Linking against CUDA::cuda_driver not working right with libcuda stub, wants libcuda.so.1 not libcuda.so

Artem-B · March 7, 2023, 11:40pm

Does anyone know what is going on here?

I can provide a bit of context. libcuda.so is a bit of a special snowflake.

Unlike most of the other libraries that ship with CUDA SDK, libcuda.so is provided by the NVIDIA driver, which is only installed on the machines where NVIDIA GPUs are present. This is often not the case for the machines where one builds CUDA apps.

So, in order to be able to build a functional CUDA app which uses the driver API, the executable has to be linked with stubs/libcuda.so.
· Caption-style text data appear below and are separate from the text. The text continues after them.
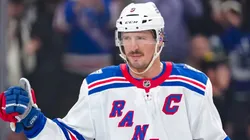 J.T. Miller #8 of the New York Rangers salutes the crowd.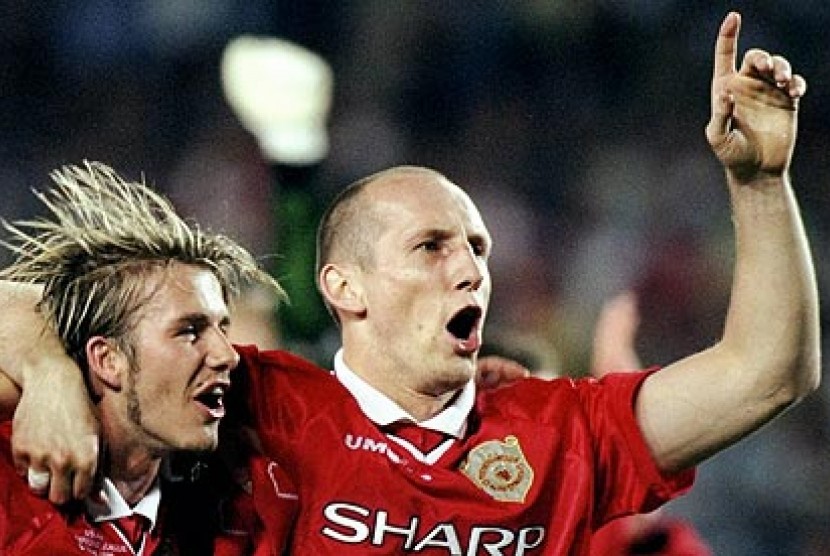 Jaap Stam dan David Beckham saat masih berkostum Manchester United.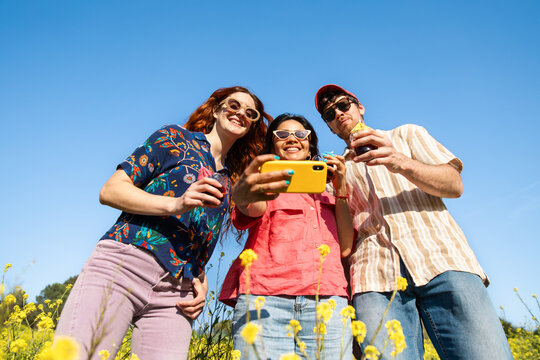 Friends Taking Selfie In Flower Field
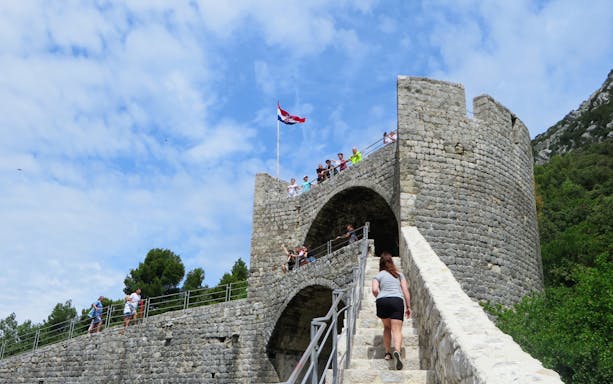 Woman climbing the Walls of Ston in Ston, Croatia, with people on the battlements.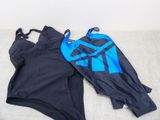 two swimsuits are laying on the floor next to each other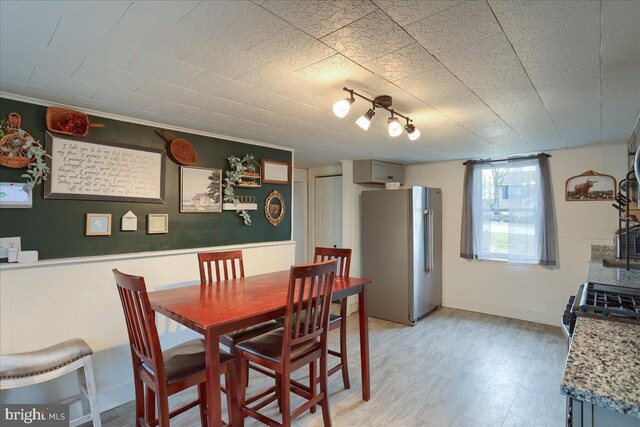 dining space with light floors and baseboards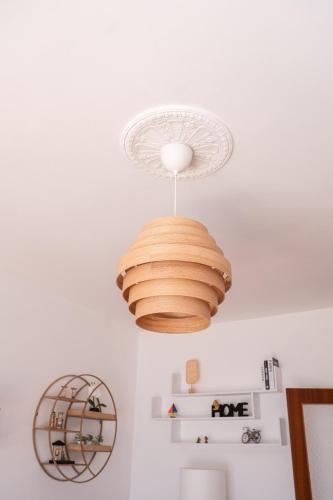 a light fixture hanging from a ceiling in a room at Kronos House in Torre del Lago Puccini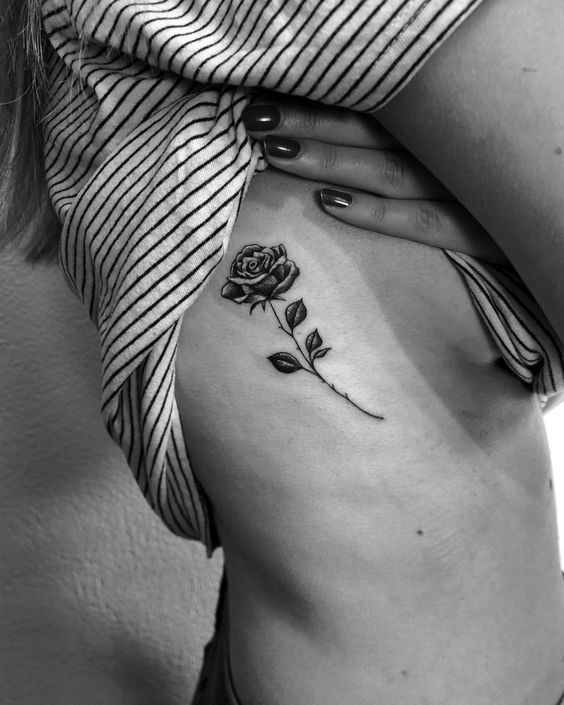 a woman's stomach with a rose tattoo on her left side ribcage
The stub is essentially an interface library, which only provides the symbols and allows the linker to finish linking the executable w/o complaining about the missing symbols. DT_SONAME=libcuda.so.1 of the stub is intentionally does not match the file name libcuda.so, because we do not want dynamic linker to ever load stub/libcuda.so if we were to run the executable linked with it.

Instead, when the executable is run, dynamic linker will go searching for libcuda.so.1 among the shared libraries in the standard search path. On machines where NVIDIA driver is installed, it will find the real libcuda.so.1.X.Y provided by the driver vX.Y. On machines w/o the GPU the execution will be expected to fail due to the missing libcuda.so.

If one needs the application to run on machines where libcuda.so is unavailable, then the standard approach is to not link with libcuda.so (stub or real) but instead dlopen(libcuda.so.1) and use dlsym to find the pointers to the appropriate driver API functions. This is how libcudart.so operates under the hood.